Kredi halk arasında ürettiğini başkasına kullandırma, sonra da başkasının malını üretenin kullanmasıdır. Paranı dört fonksiyonu vardır: 1) Para değer ölçme birimdir. 2) Para değiştirme aracıdır. 3) Para borç verme aracıdır. 4) Para birikim aracıdır. Faizsiz sistemde borçta bir artma olmaz, sadece borç verdiğin kadar borç alma hakkın doğar.

(Adil Düzen'de 7 türlü kredi imkânı vardır. Bunların hepsi de faizsizdir ve hiçbirisi de enflasyona sebep olmaz. Bu kredi imkânları şunlardır:)

“Adil Düzen”de kredi; çalışana kredi, mala kredi, siparişe kredi, kredileşmeye kredi olmak üzere dört çeşit kredi vardır.

 

1. Ortaklıklar

(Adil Düzen'de aynen bugünkü düzende olduğu gibi fertlerin bir araya gelerek ortaklıklar kurmaları, kendi tasarruflarını birleştirerek ekonomik faaliyetlerde bulunmaları mümkündür. Ortaklıklar hem üretim yapabilir, hem de tesis yapabilirler. Bu her iki amacı gerçekleştirmek içinde faaliyet gösterebilir. Bu amaçlar aşağıda açıklanmaktadır:)

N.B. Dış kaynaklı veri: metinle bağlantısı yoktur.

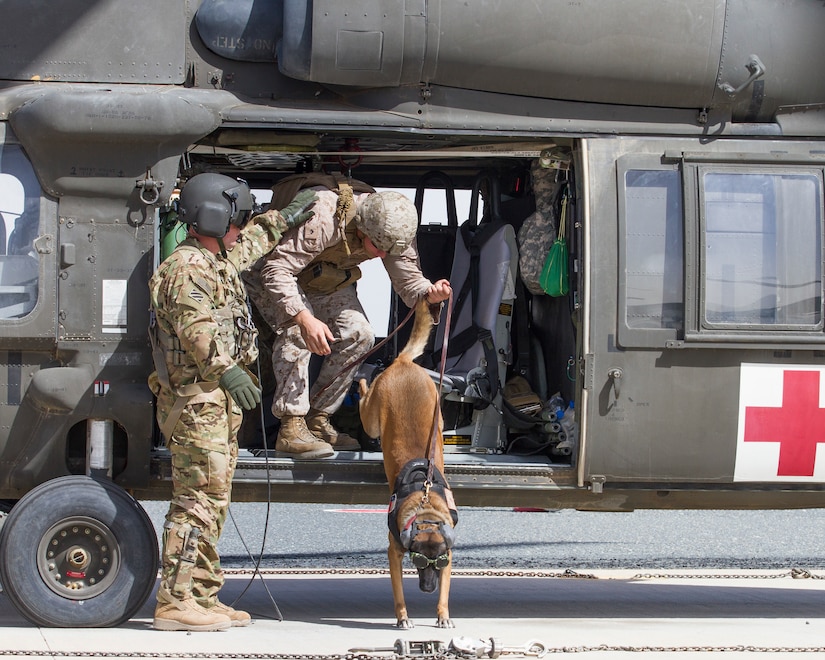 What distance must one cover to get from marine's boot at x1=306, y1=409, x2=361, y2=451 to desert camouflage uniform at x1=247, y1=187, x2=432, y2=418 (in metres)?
0.05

Ortaklar bir araya gelirler, bir işletme kurarlar. Bunun için işletme senedi çıkarırlar. Herkes işletmeye pazarlıkla girdileri verir ve işletme senedini alır. Böylece kişiler işletmeye emek, mal, tesis ve parayı kredi olarak vermiş olurlar. Sonra bu işletme senedi ile istedikleri malları alırlar.

(a- Bir araya gelip bir tesiste bir mal üretip bunu kârıyla satmak ve yapılan kârı ortaklar arasında bölüştürmek,)

İşletmede ürün ortak ambara konur. Herkese “pay belgesi” verilir. Pay belgelerini isteyen istediği fiyatla tüccara satar. Kâr bölüşmesi yapmazlar.

(b- Veya bir araya gelip bir ortaklık olarak bir tesis kurmak, bu tesiste üretim yapıp üretilen malları satarak kâr etmek veya tesisi satarak kâr etmek ve kârı ortaklar arasında bölüştürmek. Yani hem tesise hem üretim ve kârına ortak olmaktır.)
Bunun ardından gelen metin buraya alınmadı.